Numerical Methods
This document describes the numerical methods used to solve the mathematical models of the robot arm.
1. Linear Equation Solver
To solve the forward dynamics equation \(H \ddot{q} = \text{RHS}\), we solve a linear system of the form \(Ax = b\). Since \(H\) is symmetric and positive definite, robust methods like Cholesky decomposition could be used, but for general purposes, Gaussian Elimination is implemented.
Gaussian Elimination
The process involves transforming the augmented matrix \([A | b]\) into an upper triangular form (forward elimination) and then performing back substitution to find \(x\).
Algorithm: 1. Forward Elimination: For each column \(k\) from 1 to \(n-1\): - For each row \(i\) from \(k+1\) to \(n\): - Compute factor \(f = A_{ik} / A_{kk}\). - Subtract row \(k\) multiplied by \(f\) from row \(i\). - \(A_{ij} \leftarrow A_{ij} - f \cdot A_{kj}\) for \(j=k \dots n\). - \(b_i \leftarrow b_i - f \cdot b_k\).
- Back Substitution:
For row \(i\) from \(n\) down to 1:
- \(x_i = (b_i - \sum_{j=i+1}^n A_{ij} x_j) / A_{ii}\).
Note: Pivoting (swapping rows to maximize the pivot element \(|A_{kk}|\)) is often necessary for numerical stability, though simple implementations might skip it if \(A\) is known to be well-behaved.

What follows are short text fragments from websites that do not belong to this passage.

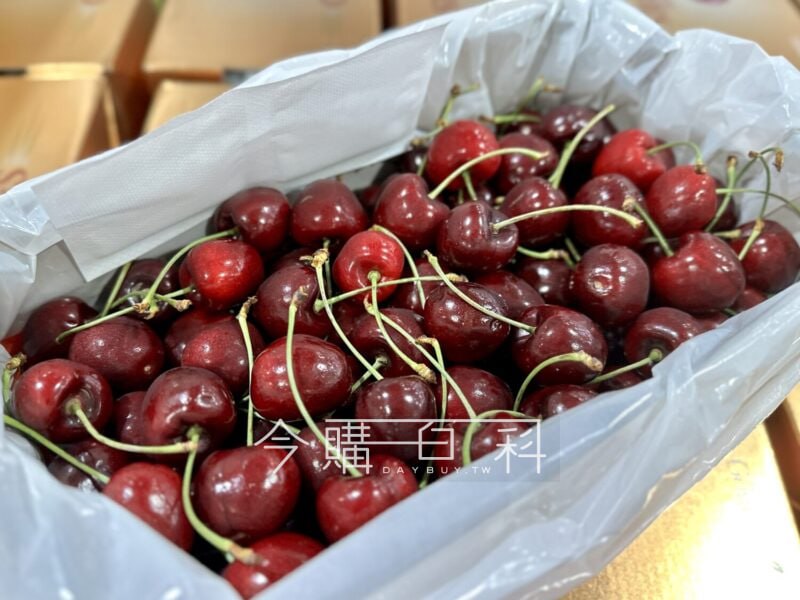 新品完整情報 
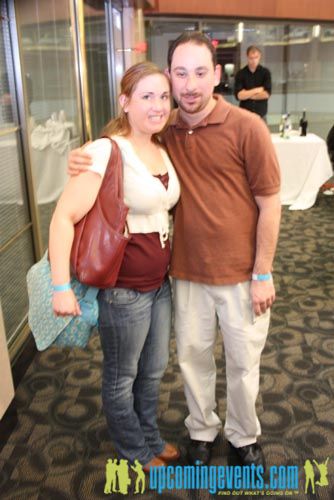 Photo from 2010 Young Professionals Expo (Gallery 1)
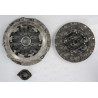 Kit d'embrayage OPEN PARTS
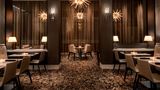 AC Hotel Asheville Downtown Restaurant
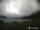 Webcam in Furnas (Azores), 539.5 km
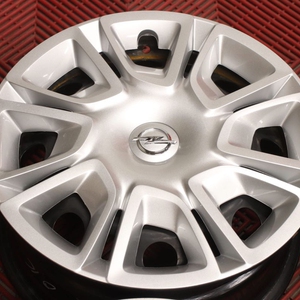 Kuva tuotteesta Alkuperäinen Opel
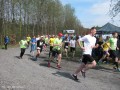 I Bieg Wiosny_Tustań 2016 (144)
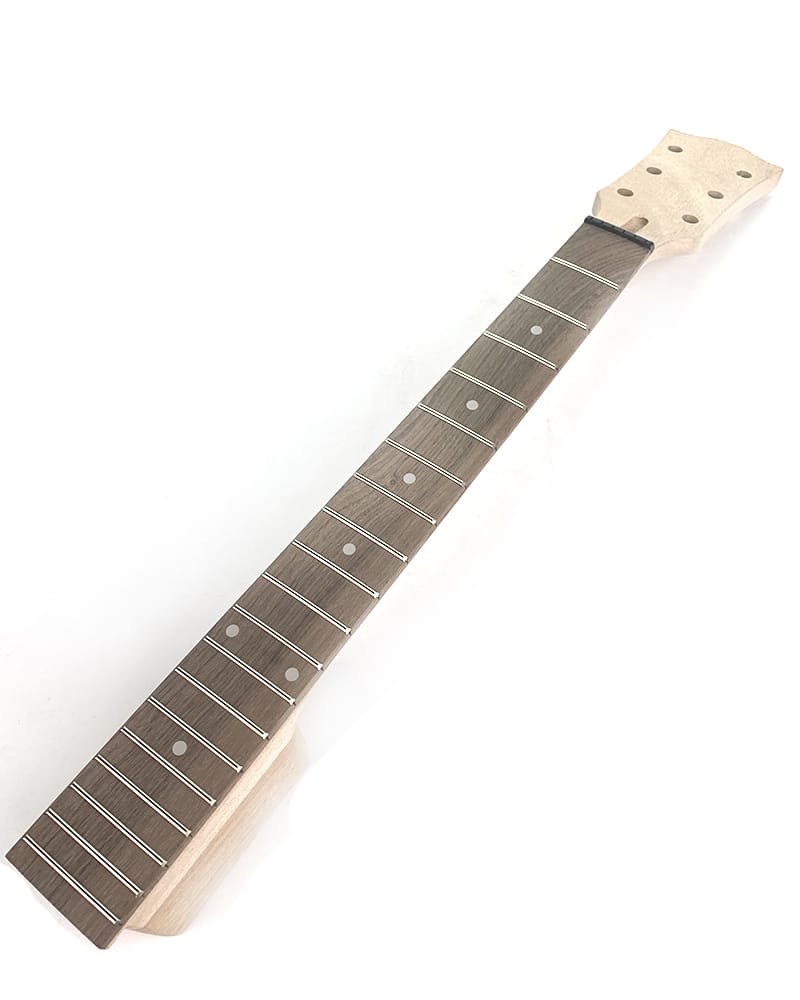 FH-5V DIY Electric Guitar Kit - view 8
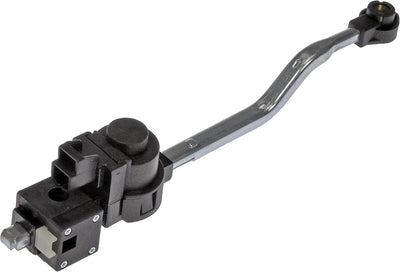 For Dorman 924-975 Shift Interlock Solenoid Compatible with Select Models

2. Differential Equation Solver (Integration)
To simulate the motion over time, we integrate the joint acceleration \(\ddot{q}\) to get velocity \(\dot{q}\) and position \(q\). The state of the system is \(X = [q^T, \dot{q}^T]^T\). The system dynamics can be written as \(\dot{X} = f(t, X)\).
Euler's Method
The simplest numerical integration method. It approximates the next state based on the current slope.
$$ \begin{aligned} \dot{q}{k+1} &= \dot{q}_k + \ddot{q}_k \Delta t \ q{k+1} &= q_k + \dot{q}_k \Delta t \end{aligned} $$ where \(\Delta t\) is the time step. Error: \(O(\Delta t)\) (Global error). It is often unstable or inaccurate for stiff systems or large steps.
Runge-Kutta Method (RK4)
The classical 4th-order Runge-Kutta method provides much higher accuracy by sampling the slope at four points within the time step.
Let \(y_k\) be the state variable (e.g., \(q\) or \(\dot{q}\)). $$ y_{k+1} = y_k + \frac{\Delta t}{6} (k_1 + 2k_2 + 2k_3 + k_4) $$
where: - \(k_1 = f(t_k, y_k)\) - \(k_2 = f(t_k + \frac{\Delta t}{2}, y_k + \frac{\Delta t}{2} k_1)\) - \(k_3 = f(t_k + \frac{\Delta t}{2}, y_k + \frac{\Delta t}{2} k_2)\) - \(k_4 = f(t_k + \Delta t, y_k + \Delta t k_3)\)
For our second-order system \(\ddot{q} = g(q, \dot{q}, \tau)\), we apply this to the state vector \(X = [q, \dot{q}]\).
Error: \(O(\Delta t^4)\). This is the standard method for simulating smooth mechanical systems.